───── RECORD EXTRACTS

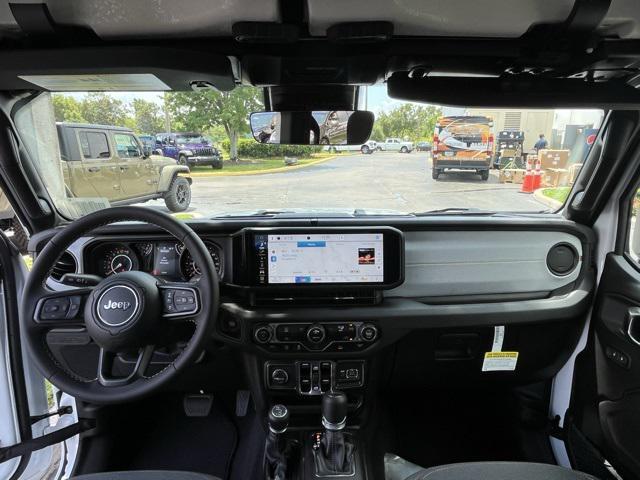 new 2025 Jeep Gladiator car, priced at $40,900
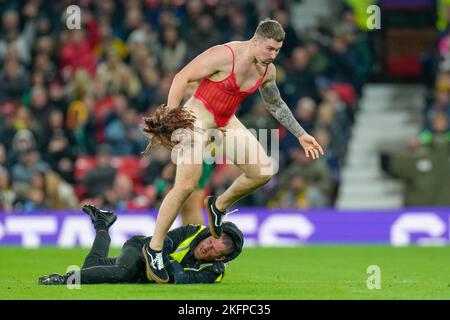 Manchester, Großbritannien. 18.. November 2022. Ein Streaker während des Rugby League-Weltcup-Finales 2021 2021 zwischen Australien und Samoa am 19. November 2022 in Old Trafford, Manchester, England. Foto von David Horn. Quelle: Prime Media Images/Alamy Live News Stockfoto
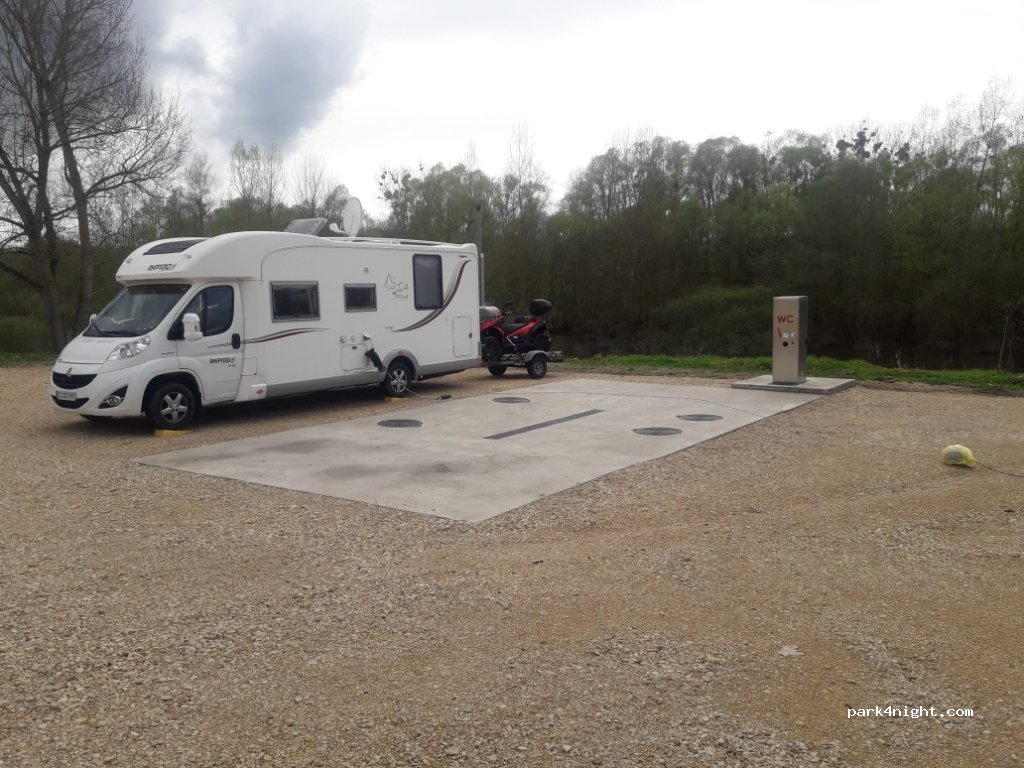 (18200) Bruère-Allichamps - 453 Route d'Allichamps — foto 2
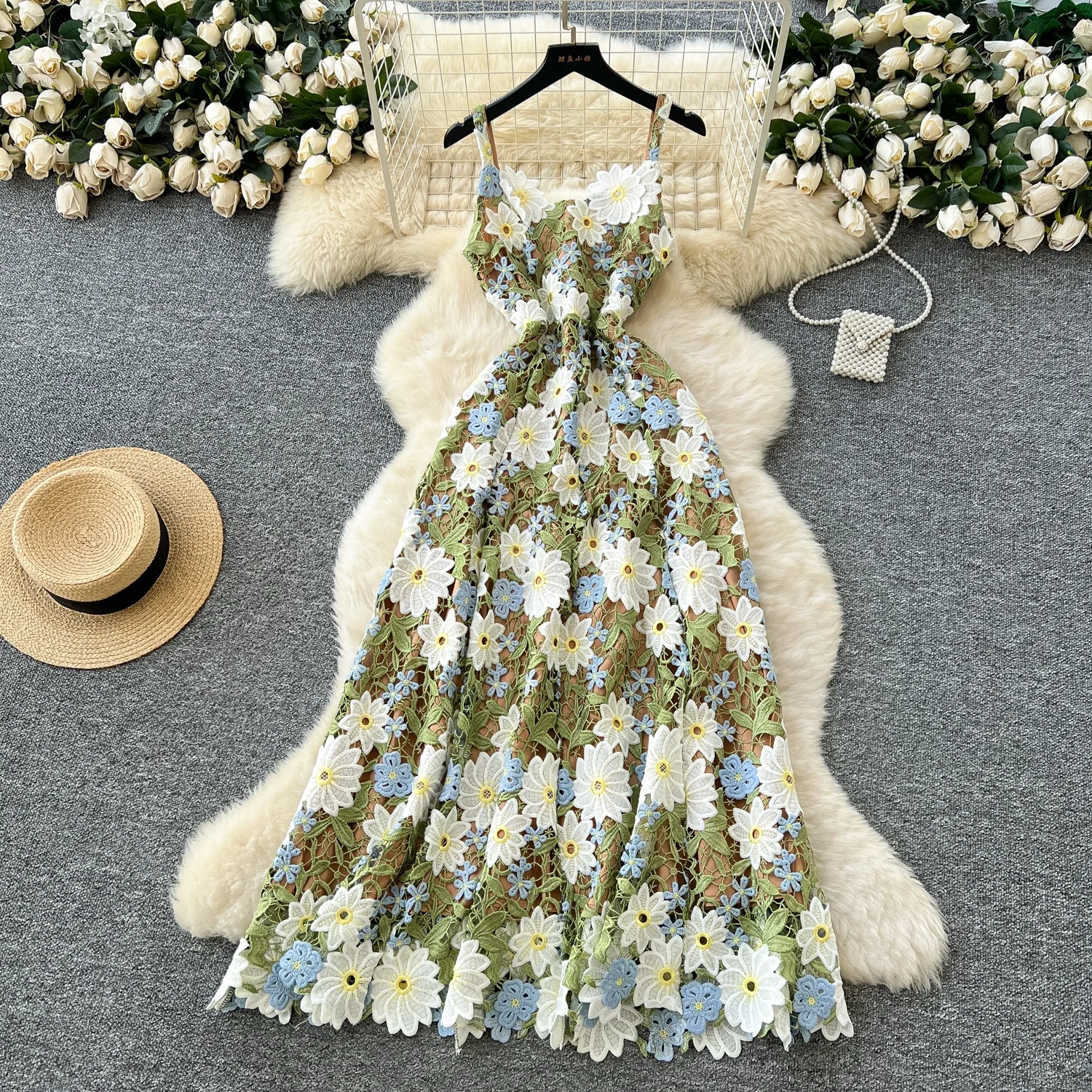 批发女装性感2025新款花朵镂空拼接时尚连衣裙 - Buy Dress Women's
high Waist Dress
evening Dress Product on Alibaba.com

──────────

## [PROBLEM STATEMENT]
Copy the lines starting at the line that contains "批发女装性感2025新款花朵镂空拼接时尚连衣裙 - Buy Dress Women's" and running to the final line of the entries, inclusive; omit all pictures.

## [ANSWER]
 批发女装性感2025新款花朵镂空拼接时尚连衣裙 - Buy Dress Women's
high Waist Dress
evening Dress Product on Alibaba.com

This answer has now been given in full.